:: Materials provided
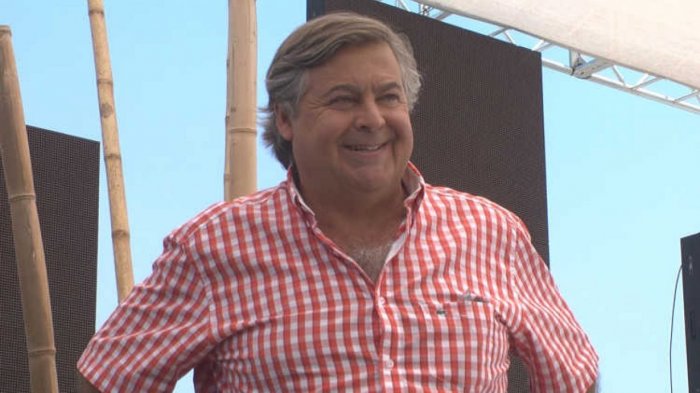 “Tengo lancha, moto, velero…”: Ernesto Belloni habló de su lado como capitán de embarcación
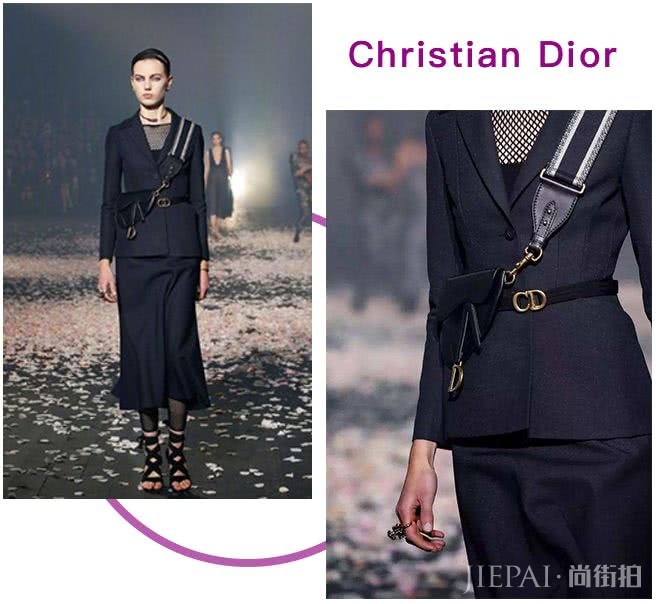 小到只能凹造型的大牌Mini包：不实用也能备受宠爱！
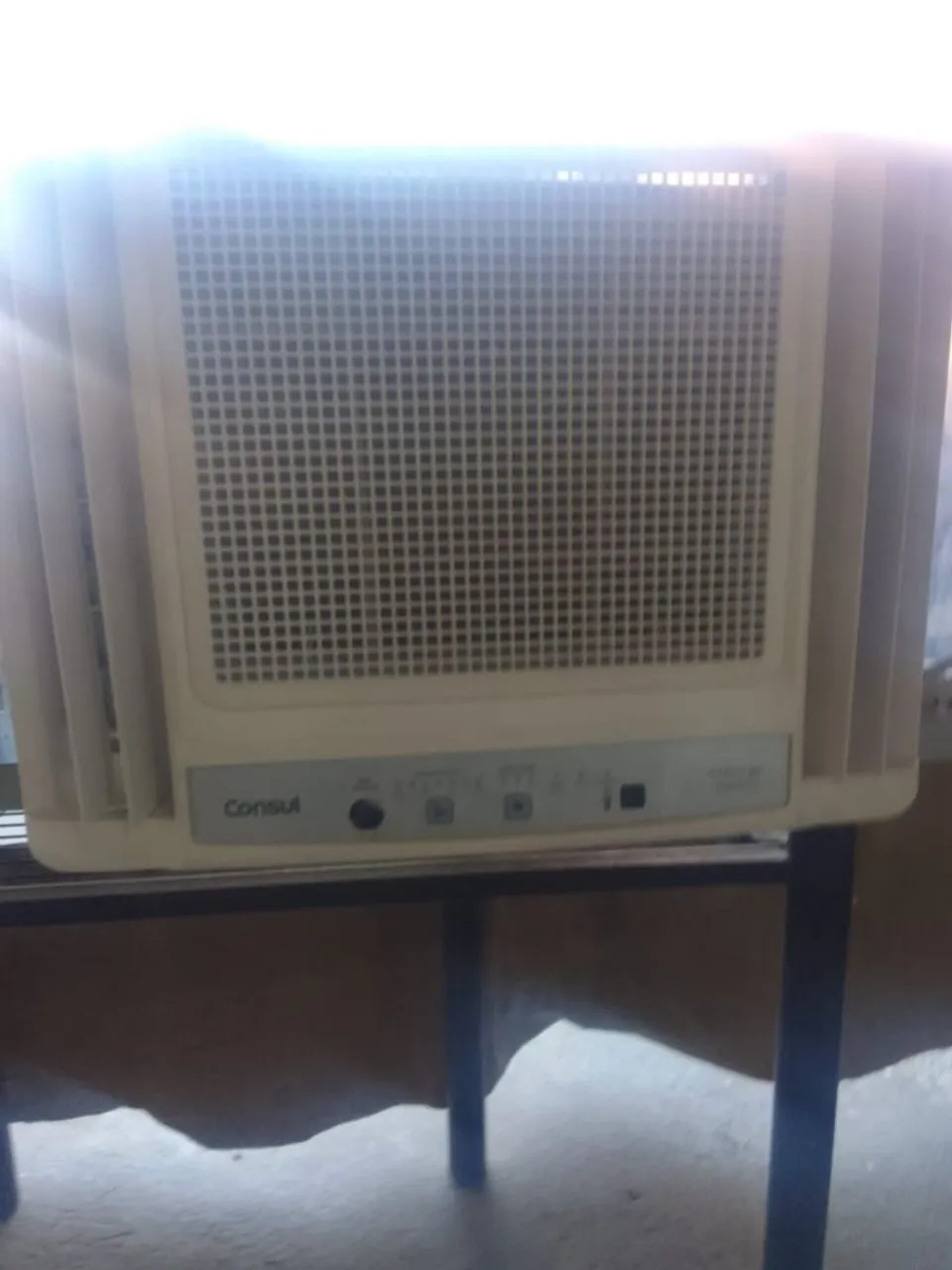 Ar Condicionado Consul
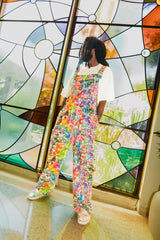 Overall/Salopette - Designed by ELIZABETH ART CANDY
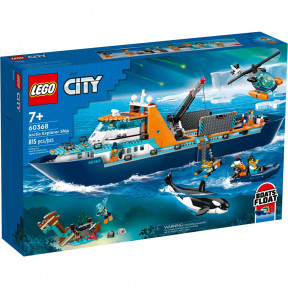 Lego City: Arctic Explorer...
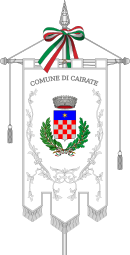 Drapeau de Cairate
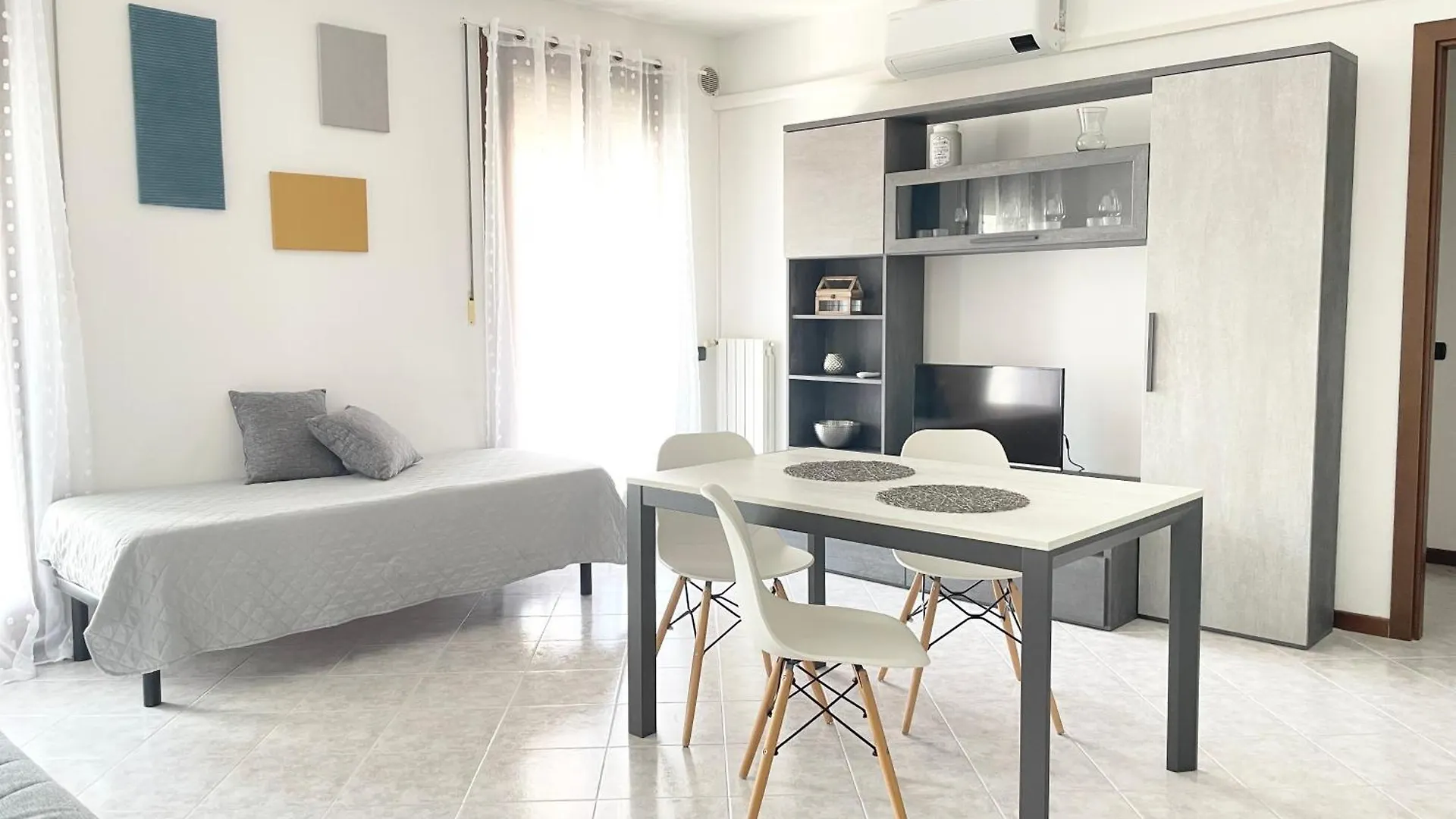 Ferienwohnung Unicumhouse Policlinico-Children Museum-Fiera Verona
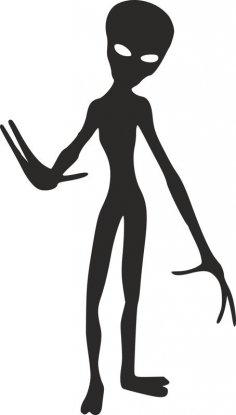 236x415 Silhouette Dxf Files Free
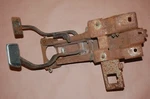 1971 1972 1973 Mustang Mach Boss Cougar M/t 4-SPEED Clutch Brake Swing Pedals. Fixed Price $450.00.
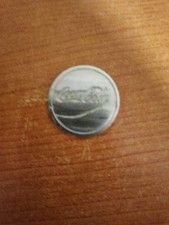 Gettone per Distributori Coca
::::
[What to do] Your answer must be exactly the lines from the one with "Drapeau de Cairate" through the final line of the data, with no pictures in it.

[Finished exercise]
 Drapeau de Cairate
 Ferienwohnung Unicumhouse Policlinico-Children Museum-Fiera Verona
 236x415 Silhouette Dxf Files Free
 1971 1972 1973 Mustang Mach Boss Cougar M/t 4-SPEED Clutch Brake Swing Pedals. Fixed Price $450.00.
 Gettone per Distributori Coca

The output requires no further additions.